A number of acute wasting conditions are associated with an upregulation of the
ubiquitin-
proteasome system in skeletal muscle.
Eicosapentaenoic acid (EPA) is effective in attenuating the increased
protein catabolism in muscle in
cancer cachexia, possibly due to inhibition of 15-hydroxyeicosatetraenoic
acid (15-HETE) formation. To determine if a similar pathway is involved in other catabolic conditions, the effect of EPA on
muscle protein degradation and activation of the
ubiquitin-
proteasome pathway has been determined during acute fasting in mice. When compared with a vehicle control group (
olive oil) there was a significant decrease in proteolysis of the soleus muscles of mice treated with EPA after
starvation for 24 h, together with an attenuation of the
proteasome "chymotryptic-like"
enzyme activity and the induction of the expression of the
20S proteasome alpha-subunits, the 19S regulator and p42, an
ATPase subunit of the 19S regulator in gastrocnemius muscle, and the
ubiquitin-conjugating enzyme E2(14k). The effect was not shown with the related (n-3)
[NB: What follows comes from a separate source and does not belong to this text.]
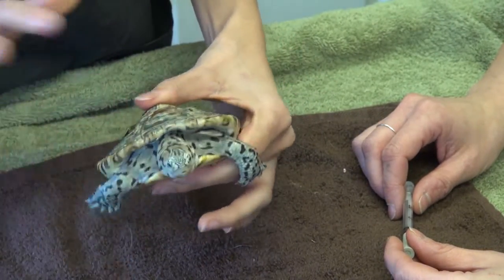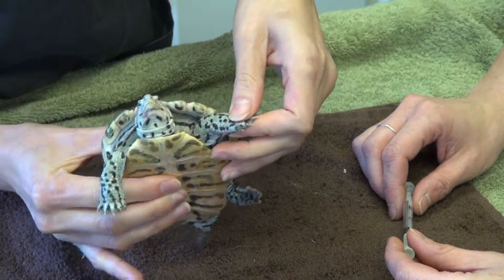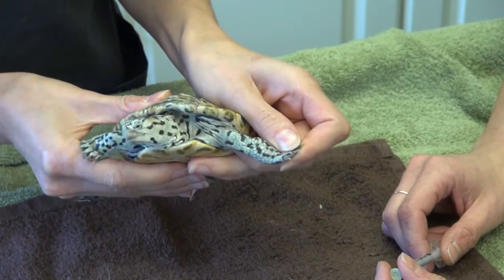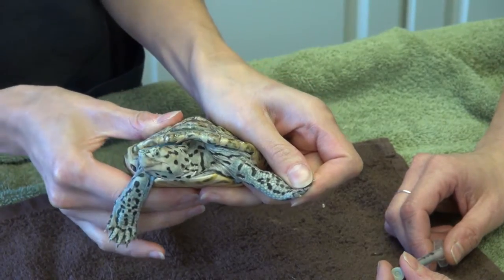Sometimes you can mess with their feet and it'll get their legs flailing, and you can get a hold of their arm and hold it out. It might be a two-person job depending on how your turtle or tortoise acts — they either act like this or the complete opposite, completely in their shell.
fatty acid docosahexaenoic acid (DHA) or with
linoleic acid. However, 2,3,5-trimethyl-6-(3-pyridylmethyl)1,4-benzoquinone (CV-6504), an inhibitor of 5-, 12- and 15-lipoxygenases also attenuated
muscle protein catabolism,
proteasome "chymotryptic-like"
enzyme activity and expression of
proteasome 20S alpha-subunits in soleus muscles from acute fasted mice. These results suggest that
protein catabolism in
starvation and
cancer cachexia is mediated through a common pathway, which is inhibited by EPA and is likely to involve a
lipoxygenase metabolite as a signal transducer.